Magnetic tape revolutionized broadcast and recording. When all radio was live, it allowed programming to be prerecorded. At a time when gramophone records were recorded in one take, it allowed recordings in multiple parts, which mixed and edited with tolerable loss in quality. It is a key technology in early computer development, allowing unparalleled amounts of data to be mechanically created, stored for long periods, and to be rapidly accessed.
Today, other technologies can perform the functions of magnetic tape. In many cases these technologies are replacing tape. Despite this, innovation in the technology continues and tape is still widely used.
Over years, magnetic tape can suffer from deterioration called sticky-shed syndrome. Caused by absorption of moisture into the binder of the tape, it can render the tape unusable.

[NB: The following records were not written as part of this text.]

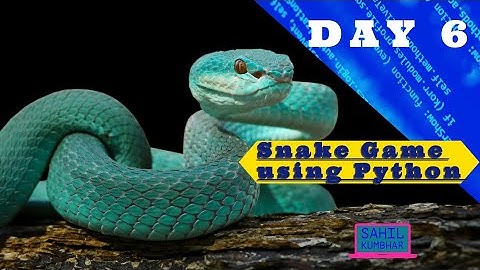 Snake Game in Python 👨‍💻🐍|| #Day6 || #100dayscodingchallenge #coding #python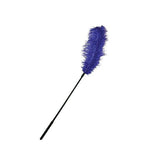 Ostrich Feather Purple Tickler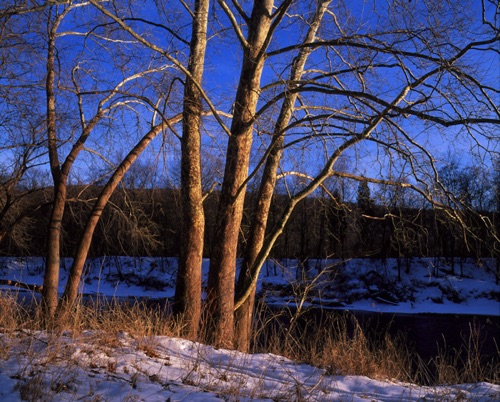 Sycamores, Delaware River, Delaware Water Gap National Recreation Area, PA (MF).jpg Sycamores, Delaware River, Delaware Water Gap National Recreation Area, PA (MF).jpg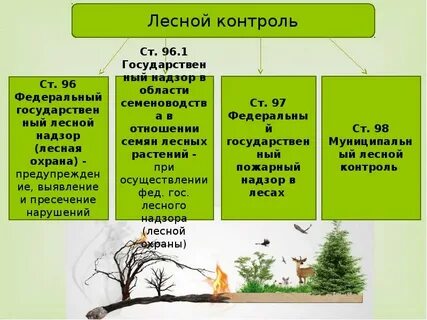 Лес определение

Magnetic tape was invented for recording sound by Fritz Pfleumer in 1928 in Germany, based on the invention of magnetic wire recording by Valdemar Poulsen in 1898. Pfleumer's invention used an iron(III) oxide(Fe2O3) powder coating on a long strip of paper. This invention was further developed by the German electronics company AEG, which manufactured the recording machines and BASF, which manufactured the tape. In 1933, working for AEG, Eduard Schuller developed the ring shaped tape head. Previous head designs were needle shaped and tended to shred the tape. An important discovery made in this period was the technique of AC biasing which improved the fidelity of the recorded audio signal by increasing the effective linearity of the recording medium.
Due to the escalating political tensions, and the outbreak of World War II, these developments were largely kept secret. Although the Allies knew from their monitoring of Nazi radio broadcasts that the Germans had some new form of recording technology, the nature was not discovered until the Allies acquired captured German recording equipment as they invaded Europe in the closing of the war. It was only after the war that Americans, particularly Jack Mullin, John Herbert Orr, and Richard H. Ranger were able to bring this technology out of Germany and develop it into commercially viable formats.
A wide variety of recorders and formats have developed since, most significantly reel-to-reel and Compact Cassette.